If it's a 64-bit build made using Visual Studio, you get 4.99999999999. Visual Studio doesn't support legacy 80-bit floating point math for that target. Visual Studio also does not support inline assembly to let you make use of the legacy 80-bit floating point instructions.
But if you set the CPU core to "Dynamic", then you get the proper value of "5". Or if you use the MingW builds, those also support 80-bit floating point math and give the correct value of "5".
It is quite embarrassing to ship a CPU emulator with broken floating point math as the default.
I guess it makes sense to try it anyway. Now I'm wondering how I'd be able to detect something like Concurrent DOS or REAL/32 or REAL/NG.

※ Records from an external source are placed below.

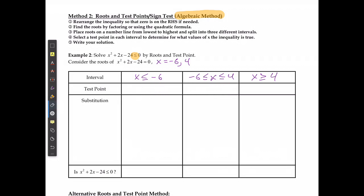It doesn't matter what numbers you pick. I like to go with 5s, 10s, or 1s, just because I find it simpler. So I'm going to use negative 10 for the first region. You have to substitute into the original inequality as it originally existed. This is because if you're moving things around, you might forget a negative, and that's going to change the possibilities. So make sure it's always with the original inequality.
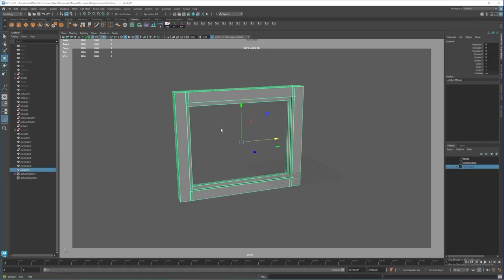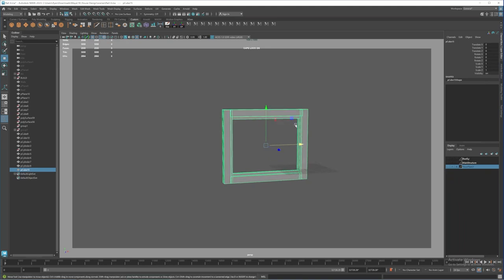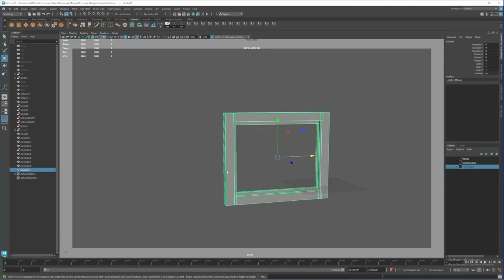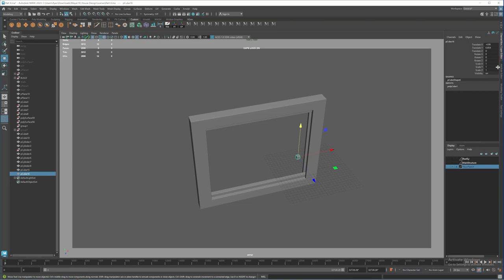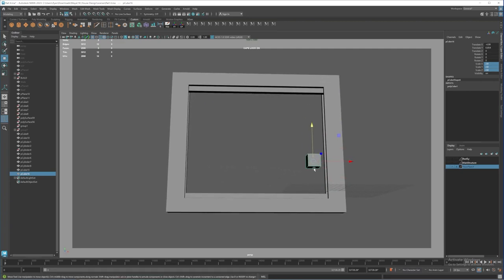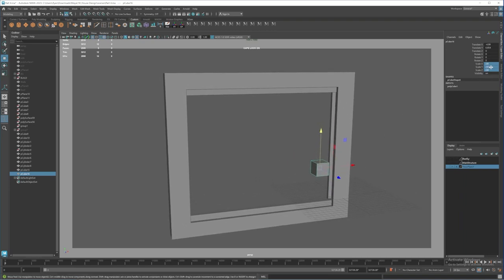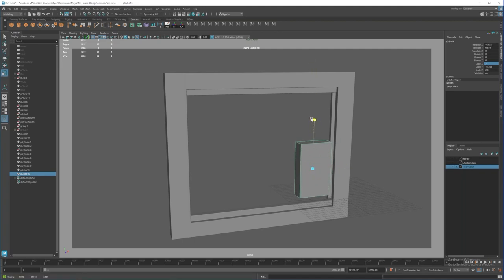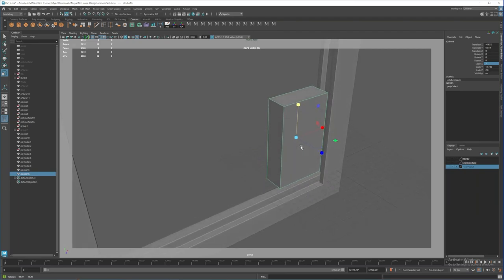Now what we can do is create the doors and windows itself. Bring in another box. This time I'm going to make this one maybe 2.8, and for this one I'll make it around 7, then increase it.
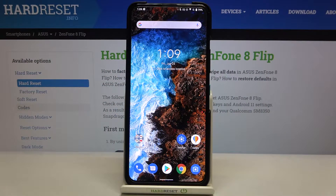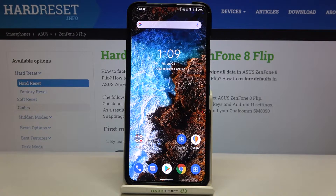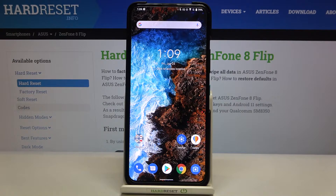Hi everyone, here we've got the ASUS Zenfone 8 Flip and let me share with you how to turn off running apps on this device. All you have to do is simply open the recents, and you can do it using two different ways — it depends on what kind of navigation bar you've got set.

_Even_ if you run the MS-DOS kernel in DOSBox, the builtin DOS literally leaks through in many places (e.g. many API services still available instead of crashing), with only some of the more recent forks even trying to hide it.
There's also an adversarial aspect to this. Some emulators try to avoid detection and a lot of software tries to detect if it's running under virt for various reasons, eg. to stop cheating in games or stop reverse-engineering. (virt-what is deliberately not adversarial, it's very easy to "trick" it if you wanted to do that)
Example: There is (was? I don't actively follow the community) a patch set for a particular piece of VM software that made it undetectable to anti-cheat in games.
While I don't use said software (I have a casual interest in it only...would be nice to get more games working on Linux), I have to disclose that I'm against anti-cheat mechanisms. I'm a software engineer, and I've worked on a few smaller games, and know the overall structure of bigger ones, and I don't think I've ever seen a game use good practices in multiplayer. Instead, they usually rely on client side code and lean on anti-cheat software to stop cheaters.
What's WGU in this context?
> which makes enough sense since if you're in a VM they can't see your full screen
Presumably they can't also see the screen of another device...
When taking a test they have a proctor that's watching you on a webcam, and they make you pan the webcam around the room to ensure that there's no obvious way to cheat, and they make you share your screen to ensure you only have a browser running.
It’s perfect for all parties, and doesn’t intrude on your personal living space or devices.
Well that level of intrusiveness would just make me come up with something overly complicated just so I could prove that I could cheat if I wanted.
That's why they make you share your screen; obviously there's plenty of ways to fool that but the goal is to make it so that cheating requires enough effort to where it's probably less effort just to study and do it right.
They just want to make it difficult enough to catch most.